Entries supplied ::
==*==
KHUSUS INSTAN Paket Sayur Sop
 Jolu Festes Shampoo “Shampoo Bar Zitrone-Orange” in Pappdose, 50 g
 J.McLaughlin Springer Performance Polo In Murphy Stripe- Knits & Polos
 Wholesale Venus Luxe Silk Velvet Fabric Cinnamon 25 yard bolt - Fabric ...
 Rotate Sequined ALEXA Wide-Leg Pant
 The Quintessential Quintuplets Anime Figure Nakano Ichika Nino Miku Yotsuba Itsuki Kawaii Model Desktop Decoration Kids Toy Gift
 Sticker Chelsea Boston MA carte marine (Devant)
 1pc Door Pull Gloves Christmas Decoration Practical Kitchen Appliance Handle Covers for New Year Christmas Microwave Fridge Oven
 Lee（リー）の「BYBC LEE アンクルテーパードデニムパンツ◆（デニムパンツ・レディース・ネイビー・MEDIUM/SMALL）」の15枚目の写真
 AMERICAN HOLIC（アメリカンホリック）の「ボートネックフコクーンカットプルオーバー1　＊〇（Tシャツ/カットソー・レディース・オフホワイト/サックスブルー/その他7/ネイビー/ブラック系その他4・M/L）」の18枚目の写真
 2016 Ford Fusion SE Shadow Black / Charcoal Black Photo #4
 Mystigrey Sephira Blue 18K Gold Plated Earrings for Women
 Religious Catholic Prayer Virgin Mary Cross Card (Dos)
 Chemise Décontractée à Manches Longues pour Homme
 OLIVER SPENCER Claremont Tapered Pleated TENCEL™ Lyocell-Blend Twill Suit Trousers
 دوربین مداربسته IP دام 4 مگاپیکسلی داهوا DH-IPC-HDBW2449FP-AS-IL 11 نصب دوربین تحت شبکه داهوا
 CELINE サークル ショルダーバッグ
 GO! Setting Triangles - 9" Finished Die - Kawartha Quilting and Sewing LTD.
==*==
Exercise directions :: Write out only what runs from the line holding "Chemise Décontractée à" through the last line of the records, exactly as shown.

Exercise answer ::
 Chemise Décontractée à Manches Longues pour Homme
 OLIVER SPENCER Claremont Tapered Pleated TENCEL™ Lyocell-Blend Twill Suit Trousers
 دوربین مداربسته IP دام 4 مگاپیکسلی داهوا DH-IPC-HDBW2449FP-AS-IL 11 نصب دوربین تحت شبکه داهوا
 CELINE サークル ショルダーバッグ
 GO! Setting Triangles - 9" Finished Die - Kawartha Quilting and Sewing LTD.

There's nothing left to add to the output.